Deadline: January 23rd, 9am
This is the final assignment for this class.

In this assignment, you will try to detect misbehavior of models and explain errors using Introspection methods.

Unmasking Clever Hans Predictors

We will start with a synthetic example, where we purposefully make it easy for the model to cheat. Afterwards, we will apply Introspection to detect that and explain how the model cheated.

Instead of only altering one class, you could also apply different kinds of cheating opportunities to different classes.

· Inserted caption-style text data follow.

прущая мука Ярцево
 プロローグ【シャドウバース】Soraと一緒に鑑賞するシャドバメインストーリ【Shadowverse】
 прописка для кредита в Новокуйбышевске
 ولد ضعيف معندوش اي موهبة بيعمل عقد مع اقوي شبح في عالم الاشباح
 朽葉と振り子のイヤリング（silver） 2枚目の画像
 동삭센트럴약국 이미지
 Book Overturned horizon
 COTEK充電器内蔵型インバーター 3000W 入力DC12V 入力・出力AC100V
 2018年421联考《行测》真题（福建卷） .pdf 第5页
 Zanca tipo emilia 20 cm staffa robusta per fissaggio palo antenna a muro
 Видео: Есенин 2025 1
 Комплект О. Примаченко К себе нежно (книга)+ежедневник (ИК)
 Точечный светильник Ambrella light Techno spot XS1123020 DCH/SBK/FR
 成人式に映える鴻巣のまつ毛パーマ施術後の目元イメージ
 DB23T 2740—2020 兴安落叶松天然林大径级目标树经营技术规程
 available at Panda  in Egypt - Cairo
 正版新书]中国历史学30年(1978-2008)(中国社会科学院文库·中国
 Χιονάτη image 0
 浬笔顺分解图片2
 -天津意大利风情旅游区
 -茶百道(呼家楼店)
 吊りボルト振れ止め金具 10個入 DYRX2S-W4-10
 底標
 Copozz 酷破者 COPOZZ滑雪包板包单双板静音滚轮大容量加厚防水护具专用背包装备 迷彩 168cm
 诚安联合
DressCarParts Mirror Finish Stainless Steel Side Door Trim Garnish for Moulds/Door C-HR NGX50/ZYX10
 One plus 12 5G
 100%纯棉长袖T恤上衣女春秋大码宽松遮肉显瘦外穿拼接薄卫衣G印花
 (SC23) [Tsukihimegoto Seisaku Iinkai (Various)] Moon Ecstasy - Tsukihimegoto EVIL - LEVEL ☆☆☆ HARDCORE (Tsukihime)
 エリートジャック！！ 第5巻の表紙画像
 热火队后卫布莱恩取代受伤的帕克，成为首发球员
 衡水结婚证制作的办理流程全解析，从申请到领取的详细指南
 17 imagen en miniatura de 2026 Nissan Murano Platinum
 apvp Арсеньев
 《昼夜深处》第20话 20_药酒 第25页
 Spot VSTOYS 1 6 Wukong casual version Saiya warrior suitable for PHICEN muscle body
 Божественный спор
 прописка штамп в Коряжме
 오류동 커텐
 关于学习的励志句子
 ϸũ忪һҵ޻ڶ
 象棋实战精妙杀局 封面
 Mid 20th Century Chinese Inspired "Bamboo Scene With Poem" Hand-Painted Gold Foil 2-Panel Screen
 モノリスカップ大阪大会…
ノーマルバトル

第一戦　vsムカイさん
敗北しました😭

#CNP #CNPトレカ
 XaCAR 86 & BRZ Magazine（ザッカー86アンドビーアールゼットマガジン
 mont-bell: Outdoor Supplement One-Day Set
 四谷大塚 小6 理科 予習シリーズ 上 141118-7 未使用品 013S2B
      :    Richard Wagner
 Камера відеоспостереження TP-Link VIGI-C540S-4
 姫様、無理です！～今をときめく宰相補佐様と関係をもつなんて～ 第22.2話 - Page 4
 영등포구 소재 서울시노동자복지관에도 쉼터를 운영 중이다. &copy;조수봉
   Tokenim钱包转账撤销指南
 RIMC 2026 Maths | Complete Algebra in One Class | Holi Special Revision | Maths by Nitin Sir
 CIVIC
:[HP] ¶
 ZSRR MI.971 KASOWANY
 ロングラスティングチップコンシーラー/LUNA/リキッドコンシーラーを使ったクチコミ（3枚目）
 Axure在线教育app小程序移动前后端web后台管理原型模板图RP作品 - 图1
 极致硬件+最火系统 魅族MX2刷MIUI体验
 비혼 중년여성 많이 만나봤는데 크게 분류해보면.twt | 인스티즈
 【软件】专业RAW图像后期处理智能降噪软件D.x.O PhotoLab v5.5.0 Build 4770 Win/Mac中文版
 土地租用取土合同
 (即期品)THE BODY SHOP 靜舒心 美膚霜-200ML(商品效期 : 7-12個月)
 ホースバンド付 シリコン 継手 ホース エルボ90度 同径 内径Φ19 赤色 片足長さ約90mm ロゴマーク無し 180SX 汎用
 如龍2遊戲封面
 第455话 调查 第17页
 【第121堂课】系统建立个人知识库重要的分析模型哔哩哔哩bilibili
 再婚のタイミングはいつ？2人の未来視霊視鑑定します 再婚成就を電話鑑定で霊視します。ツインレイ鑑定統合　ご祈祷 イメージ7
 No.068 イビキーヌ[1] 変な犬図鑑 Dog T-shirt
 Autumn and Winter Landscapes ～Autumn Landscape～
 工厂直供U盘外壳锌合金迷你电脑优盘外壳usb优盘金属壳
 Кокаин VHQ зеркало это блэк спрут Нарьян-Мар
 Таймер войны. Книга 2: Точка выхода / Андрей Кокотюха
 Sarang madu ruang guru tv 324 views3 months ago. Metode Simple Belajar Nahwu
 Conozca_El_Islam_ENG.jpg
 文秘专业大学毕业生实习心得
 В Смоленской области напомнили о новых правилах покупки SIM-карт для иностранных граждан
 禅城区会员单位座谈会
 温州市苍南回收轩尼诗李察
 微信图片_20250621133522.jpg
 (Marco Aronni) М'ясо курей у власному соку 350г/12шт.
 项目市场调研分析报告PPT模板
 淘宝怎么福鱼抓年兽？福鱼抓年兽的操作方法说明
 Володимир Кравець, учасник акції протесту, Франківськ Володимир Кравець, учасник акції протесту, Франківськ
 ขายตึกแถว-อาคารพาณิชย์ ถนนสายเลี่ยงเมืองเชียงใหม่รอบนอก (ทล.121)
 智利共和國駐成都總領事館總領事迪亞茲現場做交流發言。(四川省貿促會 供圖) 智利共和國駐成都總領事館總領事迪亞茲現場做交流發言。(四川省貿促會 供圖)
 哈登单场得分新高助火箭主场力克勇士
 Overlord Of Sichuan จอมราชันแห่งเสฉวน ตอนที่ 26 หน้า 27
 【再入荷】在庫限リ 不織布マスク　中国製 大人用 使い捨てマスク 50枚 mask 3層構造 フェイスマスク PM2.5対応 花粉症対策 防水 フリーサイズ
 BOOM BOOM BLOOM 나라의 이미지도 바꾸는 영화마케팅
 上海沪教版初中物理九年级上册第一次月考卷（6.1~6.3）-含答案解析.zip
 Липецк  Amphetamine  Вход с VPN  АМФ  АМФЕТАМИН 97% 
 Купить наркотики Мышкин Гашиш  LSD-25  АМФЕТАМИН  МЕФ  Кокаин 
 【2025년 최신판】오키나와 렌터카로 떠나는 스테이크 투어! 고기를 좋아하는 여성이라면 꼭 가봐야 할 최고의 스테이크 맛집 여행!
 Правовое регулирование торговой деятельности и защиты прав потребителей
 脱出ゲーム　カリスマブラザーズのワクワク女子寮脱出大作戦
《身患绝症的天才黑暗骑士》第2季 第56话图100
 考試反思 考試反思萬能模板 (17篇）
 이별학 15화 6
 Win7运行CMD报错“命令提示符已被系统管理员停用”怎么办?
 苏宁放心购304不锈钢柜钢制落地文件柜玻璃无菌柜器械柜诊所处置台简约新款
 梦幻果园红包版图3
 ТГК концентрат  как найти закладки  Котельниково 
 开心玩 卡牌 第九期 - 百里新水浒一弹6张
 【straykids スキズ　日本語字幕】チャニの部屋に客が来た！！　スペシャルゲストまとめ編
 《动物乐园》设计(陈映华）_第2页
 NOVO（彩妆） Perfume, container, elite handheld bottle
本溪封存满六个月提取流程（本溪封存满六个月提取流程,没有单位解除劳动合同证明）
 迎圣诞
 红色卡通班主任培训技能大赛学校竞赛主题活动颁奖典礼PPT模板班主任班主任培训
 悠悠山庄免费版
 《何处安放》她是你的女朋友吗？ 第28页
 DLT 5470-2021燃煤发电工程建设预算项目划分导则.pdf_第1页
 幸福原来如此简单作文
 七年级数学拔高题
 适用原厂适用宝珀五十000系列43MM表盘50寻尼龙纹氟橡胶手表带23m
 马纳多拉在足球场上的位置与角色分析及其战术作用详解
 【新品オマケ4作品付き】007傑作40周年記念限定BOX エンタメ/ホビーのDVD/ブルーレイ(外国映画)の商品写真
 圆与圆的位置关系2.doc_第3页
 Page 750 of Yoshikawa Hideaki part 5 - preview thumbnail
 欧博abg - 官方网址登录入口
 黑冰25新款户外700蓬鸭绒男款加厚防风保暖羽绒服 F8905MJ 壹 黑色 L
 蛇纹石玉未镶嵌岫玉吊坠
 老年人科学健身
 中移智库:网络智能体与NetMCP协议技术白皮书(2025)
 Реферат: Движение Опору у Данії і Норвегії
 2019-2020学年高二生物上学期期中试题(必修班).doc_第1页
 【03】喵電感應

Note: If you add regularization to your model, this should not get rid of the information that we have inserted into the class. For example, if your “extra information” is that the images of one class are highly saturated, but you add preprocessing that normalizes image saturation, or perhaps applies random saturation to all images, this would destroy the extra information.

Contrastive Explanations

This is a more realistic scenario in which you can also try out more advanced methods to create saliency maps.
You will work with a pre-trained network and try to explain wrong decisions of the network with different Introspection techniques and contrastive explanations.

If you use tf-explain (or something similar), you can easily try out different saliency map methods and compare which one helps you most in explaining classification errors.

Bonus: An experiment: Explanation by input optimization

Let’s use our feature visualization technique from the last assignment in a different way.

Note from Valerie: I have no idea whether this approach works. But I would be very excited to see some experiments :)